> _STORED DATA_:
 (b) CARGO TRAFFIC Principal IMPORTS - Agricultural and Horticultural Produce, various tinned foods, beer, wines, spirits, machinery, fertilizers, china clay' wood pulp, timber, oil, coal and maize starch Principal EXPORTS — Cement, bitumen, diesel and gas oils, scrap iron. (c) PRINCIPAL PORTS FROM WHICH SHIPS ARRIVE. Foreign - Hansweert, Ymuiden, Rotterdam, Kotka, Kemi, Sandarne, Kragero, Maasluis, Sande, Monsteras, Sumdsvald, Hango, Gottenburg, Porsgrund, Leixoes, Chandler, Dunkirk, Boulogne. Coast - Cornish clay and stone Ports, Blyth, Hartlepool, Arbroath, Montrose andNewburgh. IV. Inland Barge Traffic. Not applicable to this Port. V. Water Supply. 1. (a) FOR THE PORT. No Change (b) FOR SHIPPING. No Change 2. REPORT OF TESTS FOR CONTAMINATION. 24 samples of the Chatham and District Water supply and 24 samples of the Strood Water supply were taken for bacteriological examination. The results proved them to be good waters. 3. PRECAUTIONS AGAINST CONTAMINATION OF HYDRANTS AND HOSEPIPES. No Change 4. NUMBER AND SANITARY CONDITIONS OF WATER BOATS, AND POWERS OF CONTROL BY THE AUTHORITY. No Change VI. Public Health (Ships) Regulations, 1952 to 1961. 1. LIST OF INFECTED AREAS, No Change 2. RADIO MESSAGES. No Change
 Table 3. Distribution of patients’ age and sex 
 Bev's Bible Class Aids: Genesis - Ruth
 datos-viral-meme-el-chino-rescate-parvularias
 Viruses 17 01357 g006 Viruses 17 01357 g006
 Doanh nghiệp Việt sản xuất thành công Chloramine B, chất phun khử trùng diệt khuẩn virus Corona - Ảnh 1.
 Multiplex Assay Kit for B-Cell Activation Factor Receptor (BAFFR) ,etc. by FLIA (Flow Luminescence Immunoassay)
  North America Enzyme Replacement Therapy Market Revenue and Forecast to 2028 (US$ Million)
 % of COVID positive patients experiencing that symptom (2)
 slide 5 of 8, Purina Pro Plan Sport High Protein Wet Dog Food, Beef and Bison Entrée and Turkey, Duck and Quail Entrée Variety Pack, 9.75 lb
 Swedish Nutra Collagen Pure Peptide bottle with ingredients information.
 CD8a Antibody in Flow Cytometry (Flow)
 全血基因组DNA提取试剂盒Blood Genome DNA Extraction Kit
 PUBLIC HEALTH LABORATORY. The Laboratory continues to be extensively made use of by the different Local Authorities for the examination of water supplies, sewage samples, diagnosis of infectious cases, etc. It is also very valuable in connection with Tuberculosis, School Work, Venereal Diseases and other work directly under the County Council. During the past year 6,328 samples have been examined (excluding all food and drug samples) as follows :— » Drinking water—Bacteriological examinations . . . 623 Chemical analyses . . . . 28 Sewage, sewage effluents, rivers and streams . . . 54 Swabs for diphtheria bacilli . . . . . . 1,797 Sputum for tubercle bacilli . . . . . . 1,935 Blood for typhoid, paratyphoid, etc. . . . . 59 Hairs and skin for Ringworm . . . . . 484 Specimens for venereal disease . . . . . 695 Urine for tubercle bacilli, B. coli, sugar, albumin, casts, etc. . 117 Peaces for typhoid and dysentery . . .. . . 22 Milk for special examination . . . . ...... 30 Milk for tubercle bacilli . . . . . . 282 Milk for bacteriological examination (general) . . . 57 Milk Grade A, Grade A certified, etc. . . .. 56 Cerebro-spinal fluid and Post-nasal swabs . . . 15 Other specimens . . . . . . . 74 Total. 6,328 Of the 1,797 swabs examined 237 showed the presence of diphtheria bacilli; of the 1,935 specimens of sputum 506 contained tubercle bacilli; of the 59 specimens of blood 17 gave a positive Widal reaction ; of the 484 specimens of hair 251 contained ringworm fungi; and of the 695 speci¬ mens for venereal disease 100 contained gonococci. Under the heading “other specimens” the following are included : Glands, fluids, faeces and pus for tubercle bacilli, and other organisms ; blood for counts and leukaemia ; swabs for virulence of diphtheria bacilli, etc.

> _WHAT TO DO_:
Copy the whole listing once more, exactly.

> _ANSWER TO THE PROBLEM_:
 (b) CARGO TRAFFIC Principal IMPORTS - Agricultural and Horticultural Produce, various tinned foods, beer, wines, spirits, machinery, fertilizers, china clay' wood pulp, timber, oil, coal and maize starch Principal EXPORTS — Cement, bitumen, diesel and gas oils, scrap iron. (c) PRINCIPAL PORTS FROM WHICH SHIPS ARRIVE. Foreign - Hansweert, Ymuiden, Rotterdam, Kotka, Kemi, Sandarne, Kragero, Maasluis, Sande, Monsteras, Sumdsvald, Hango, Gottenburg, Porsgrund, Leixoes, Chandler, Dunkirk, Boulogne. Coast - Cornish clay and stone Ports, Blyth, Hartlepool, Arbroath, Montrose andNewburgh. IV. Inland Barge Traffic. Not applicable to this Port. V. Water Supply. 1. (a) FOR THE PORT. No Change (b) FOR SHIPPING. No Change 2. REPORT OF TESTS FOR CONTAMINATION. 24 samples of the Chatham and District Water supply and 24 samples of the Strood Water supply were taken for bacteriological examination. The results proved them to be good waters. 3. PRECAUTIONS AGAINST CONTAMINATION OF HYDRANTS AND HOSEPIPES. No Change 4. NUMBER AND SANITARY CONDITIONS OF WATER BOATS, AND POWERS OF CONTROL BY THE AUTHORITY. No Change VI. Public Health (Ships) Regulations, 1952 to 1961. 1. LIST OF INFECTED AREAS, No Change 2. RADIO MESSAGES. No Change
 Table 3. Distribution of patients’ age and sex 
 Bev's Bible Class Aids: Genesis - Ruth
 datos-viral-meme-el-chino-rescate-parvularias
 Viruses 17 01357 g006 Viruses 17 01357 g006
 Doanh nghiệp Việt sản xuất thành công Chloramine B, chất phun khử trùng diệt khuẩn virus Corona - Ảnh 1.
 Multiplex Assay Kit for B-Cell Activation Factor Receptor (BAFFR) ,etc. by FLIA (Flow Luminescence Immunoassay)
  North America Enzyme Replacement Therapy Market Revenue and Forecast to 2028 (US$ Million)
 % of COVID positive patients experiencing that symptom (2)
 slide 5 of 8, Purina Pro Plan Sport High Protein Wet Dog Food, Beef and Bison Entrée and Turkey, Duck and Quail Entrée Variety Pack, 9.75 lb
 Swedish Nutra Collagen Pure Peptide bottle with ingredients information.
 CD8a Antibody in Flow Cytometry (Flow)
 全血基因组DNA提取试剂盒Blood Genome DNA Extraction Kit
 PUBLIC HEALTH LABORATORY. The Laboratory continues to be extensively made use of by the different Local Authorities for the examination of water supplies, sewage samples, diagnosis of infectious cases, etc. It is also very valuable in connection with Tuberculosis, School Work, Venereal Diseases and other work directly under the County Council. During the past year 6,328 samples have been examined (excluding all food and drug samples) as follows :— » Drinking water—Bacteriological examinations . . . 623 Chemical analyses . . . . 28 Sewage, sewage effluents, rivers and streams . . . 54 Swabs for diphtheria bacilli . . . . . . 1,797 Sputum for tubercle bacilli . . . . . . 1,935 Blood for typhoid, paratyphoid, etc. . . . . 59 Hairs and skin for Ringworm . . . . . 484 Specimens for venereal disease . . . . . 695 Urine for tubercle bacilli, B. coli, sugar, albumin, casts, etc. . 117 Peaces for typhoid and dysentery . . .. . . 22 Milk for special examination . . . . ...... 30 Milk for tubercle bacilli . . . . . . 282 Milk for bacteriological examination (general) . . . 57 Milk Grade A, Grade A certified, etc. . . .. 56 Cerebro-spinal fluid and Post-nasal swabs . . . 15 Other specimens . . . . . . . 74 Total. 6,328 Of the 1,797 swabs examined 237 showed the presence of diphtheria bacilli; of the 1,935 specimens of sputum 506 contained tubercle bacilli; of the 59 specimens of blood 17 gave a positive Widal reaction ; of the 484 specimens of hair 251 contained ringworm fungi; and of the 695 speci¬ mens for venereal disease 100 contained gonococci. Under the heading “other specimens” the following are included : Glands, fluids, faeces and pus for tubercle bacilli, and other organisms ; blood for counts and leukaemia ; swabs for virulence of diphtheria bacilli, etc.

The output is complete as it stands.